Parmi les nombreuses légendes urbaines, on peut lire ou entendre ceci :
- 309 car il s’agit d’une Talbot (Arizona) ;
- 309 car il s’agit d’un hommage à Talbot ;
- 309 car il s’agit d’un véhicule à hayon.
Les deux premières hypothèses sont les plus courantes et sont assez liées en réalité. En effet, la légende veut que Peugeot 309 aurait dû naître Talbot Arizona. Ce serait bien entendu oublier ce qui a été dit dans les pages précédentes, mais également nier la vérité. Le projet C28 était Talbot a ses débuts mais est très vite devenu Peugeot pour les raisons vues précédemment. La Talbot Arizona n’a jamais existé et n’existera probablement jamais ; il s’agit d’une légende initiée par la presse de l’époque.
Histoire d’un nom
Comme nous l’avons vu, l’appellation 309 est bien légitime et force est de constater que la marque au lion n’avait que très peu de possibilités. Pourtant, Peugeot n’a pas tout de suite retenu cette appellation. Le premier nom proposé fut 300 et ce nom avait trois objectifs : mettre en évidence l’appartenance du véhicule à la série des 30X, contourner le problème amené par les Peugeot 304 et 305, puis remettre à zéro, en quelque sorte, une série mal nommée dès ses débuts. L’appellation sera pourtant refusée quelque temps plus tard car elle est jugée problématique pour les futurs véhicules des séries 30X : effectivement, qu’adviendrait-il des remplaçantes de la 300 ? Se nommeraient-elles 301, 302 (etc.) ? Peugeot décide donc, dans un deuxième temps, de nommer son nouveau véhicule avec un dernier chiffre plus gros que celui de la 305 afin de permettre une remise à zéro de la série dès la remplaçante du nouveau véhicule sortie. Et en effet, l’appellation 309 a permis ceci puisque sa remplaçante se nommera 306 et reprendra donc la chaîne logique. Pourtant, le nom 309 ne fait pas l’unanimité au sein même de la marque. Le 9 est jugé trop particulier, trop distinctif et en 1984, il est décidé que le nouveau véhicule se nommera 308. Le nom semble figé à jamais et Peugeot fait tous les derniers préparatifs nécessaires au lancement du véhicule. Le nom est déposé et une campagne de publicité est entamée par la société HCM et est rendue dans le courant de l’année 1985. Durant cette même année, Peugeot revient sur sa décision à quelques mois à peine de la sortie du nouveau véhicule. Le nom 308 est changé au dernier moment au profit du nom 309, qui permettra une flexibilité supplémentaire puisqu’il recule davantage l’échéance du futur problème de la série en X09.
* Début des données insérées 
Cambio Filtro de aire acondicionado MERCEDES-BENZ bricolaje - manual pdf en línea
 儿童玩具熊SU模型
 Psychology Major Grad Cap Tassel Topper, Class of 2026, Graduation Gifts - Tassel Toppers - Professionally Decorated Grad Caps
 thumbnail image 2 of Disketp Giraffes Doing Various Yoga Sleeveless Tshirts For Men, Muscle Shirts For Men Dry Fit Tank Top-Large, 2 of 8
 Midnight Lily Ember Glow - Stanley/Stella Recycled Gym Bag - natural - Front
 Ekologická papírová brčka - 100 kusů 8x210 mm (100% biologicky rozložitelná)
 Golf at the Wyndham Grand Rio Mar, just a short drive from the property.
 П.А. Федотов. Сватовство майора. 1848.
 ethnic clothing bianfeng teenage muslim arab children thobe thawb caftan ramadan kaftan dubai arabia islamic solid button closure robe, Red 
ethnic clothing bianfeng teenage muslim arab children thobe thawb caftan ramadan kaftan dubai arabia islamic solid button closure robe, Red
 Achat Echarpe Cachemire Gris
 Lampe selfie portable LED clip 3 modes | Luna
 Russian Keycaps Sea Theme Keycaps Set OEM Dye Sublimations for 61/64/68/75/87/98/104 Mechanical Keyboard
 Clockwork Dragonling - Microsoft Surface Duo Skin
Voici comment le changement de dernière minute du nom 308 au profit du nom 309 va être interprété par beaucoup (et par la presse notamment), comme un changement de marque : Talbot au profit de Peugeot. Ce vilain petit canard, montré du doigt par tous car rebadgé au dernier moment, n’en est donc pas réellement un. Ce véhicule n’avait qu’un seul « tort » à son actif, celui de reprendre toutes les expériences passées de la Talbot Horizon et de les faire profiter à Peugeot, autant que d’avoir été développé dans des années troubles.
Pendant toute cette période tumultueuse, il faut rappeler que tout était prêt : les véhicules, les dossiers de presse, les campagnes de publicité, les livrets d’information et les manuels d’ateliers destinés aux agents et concessionnaires de la marque. Mais les nombreux problèmes posés par cette numérotation vont forcer Peugeot à prendre des décisions rapides, et des décisions parfois trop rapides. Sentant le contrôle hasardeux que la marque avait sur tous ces problèmes, Peugeot décidera de ne pas apposer de monogramme dans la précipitation. Ces problèmes de numérotation et de logotype (voir ci-dessous) alimenteront toutes les théories voulant que Peugeot 309 naisse Talbot. Par conséquent, profitons-en pour adresser un message à tous ces amoureux de la marque au T cerclé, et à toutes ces personnes qui ont longtemps cru ce qui était dit çà et là : la vérité n’est parfois pas bonne à dire mais elle est la seule à triompher.
Le logotype
Tout le monde, ou presque, connaît le monogramme de Peugeot 309. Un monogramme identique, en apparence, au monogrammes 205 que l’on peut trouver sur ce modèle. Pourtant, si Peugeot avait une police de caractère bien définie à l’époque (une police commune mais déformée pour mieux coller à l’identité de la marque), cette police de caractère ne comportait pas tous les caractères. Un bureau d’étude s’est donc penché sur le cas du caractère 9, jusque-là absent de la police. La société, chargée de trouver la bonne typographie au chiffre 9 (une société française bien connue dans le domaine de la typographie), rend quelques mois avant le lancement du véhicule un projet de logotype, dont les caractères sont communs aux logotypes des autres véhicules de la marque, et notamment le 3, repris du logotype de la Peugeot 305. Une petite production est lancée et les premiers véhicules de pré-production en sont équipés pour faire les photographies destinées au dossier de presse ainsi que les livrets et manuels d’atelier destinés aux agents et concessionnaires Peugeot.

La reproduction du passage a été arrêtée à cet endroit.